The task: Beginning with the line containing "Sel yolu kapattı, kalp" and ending at the last line of the data, set down every line exactly, leaving out all pictures.

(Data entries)
.....

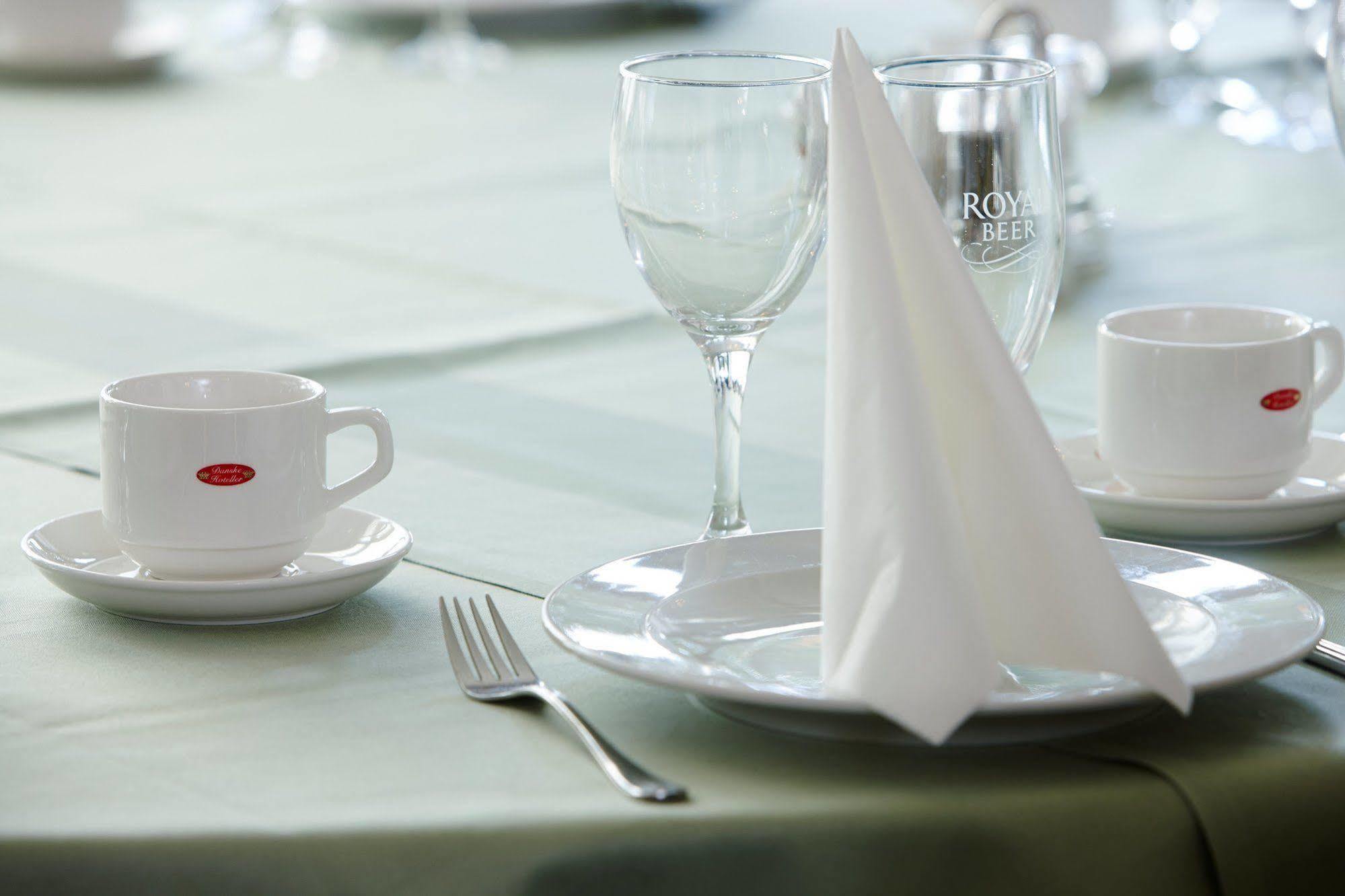 Hotel Medi Ikast Екстер'єр фото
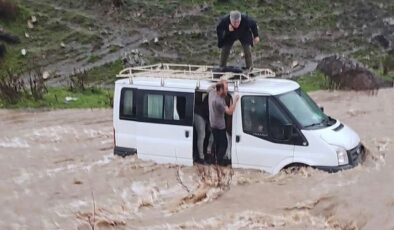 Sel yolu kapattı, kalp krizi geçiren kadın hayatını kaybetti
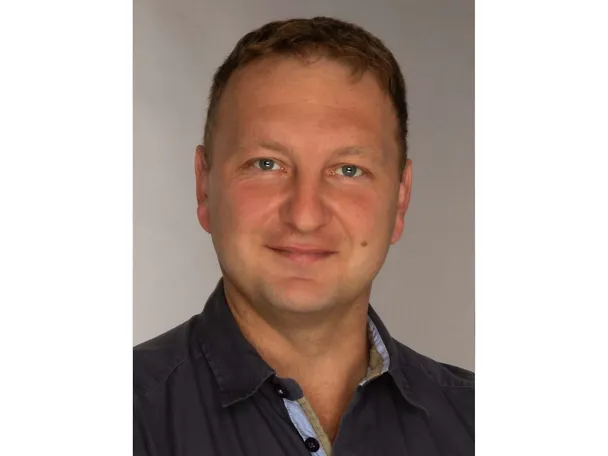Portrait Bernd Hüchering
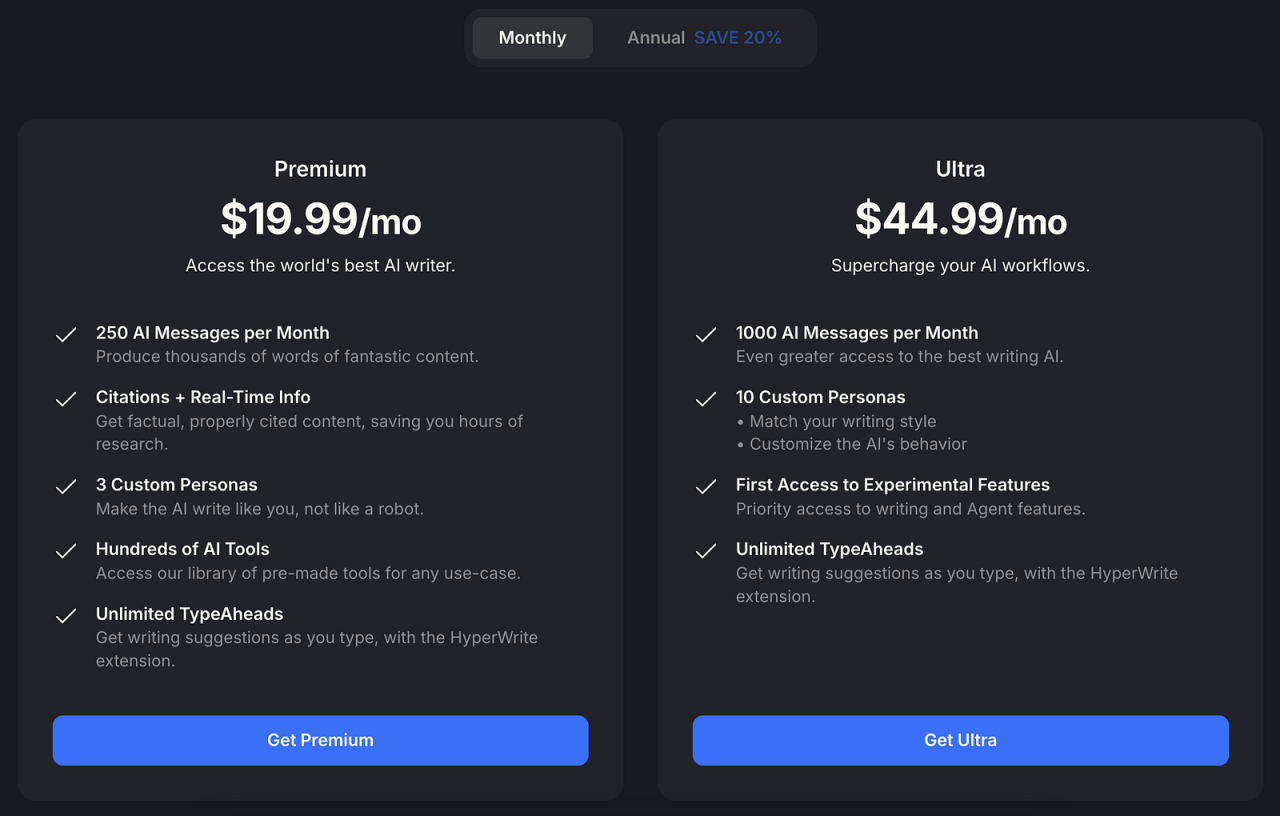 AI Generated Notes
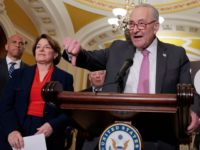 Punchbowl’s Desiderio: ‘Many’ Dems Pressured by Left to Abandon Support for Endi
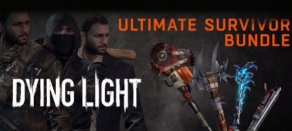 Купить Dying Light Ultimate Survivor Bundle Купить Dying Light Ultimate Survivor Bundle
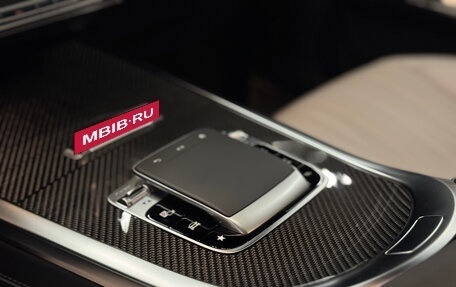 Mercedes-Benz G-Класс AMG, 2026 год, 33 000 000 рублей, 23 фотография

.....

Task solution:
 Sel yolu kapattı, kalp krizi geçiren kadın hayatını kaybetti
Portrait Bernd Hüchering
 AI Generated Notes
 Punchbowl’s Desiderio: ‘Many’ Dems Pressured by Left to Abandon Support for Endi
 Купить Dying Light Ultimate Survivor Bundle Купить Dying Light Ultimate Survivor Bundle
 Mercedes-Benz G-Класс AMG, 2026 год, 33 000 000 рублей, 23 фотография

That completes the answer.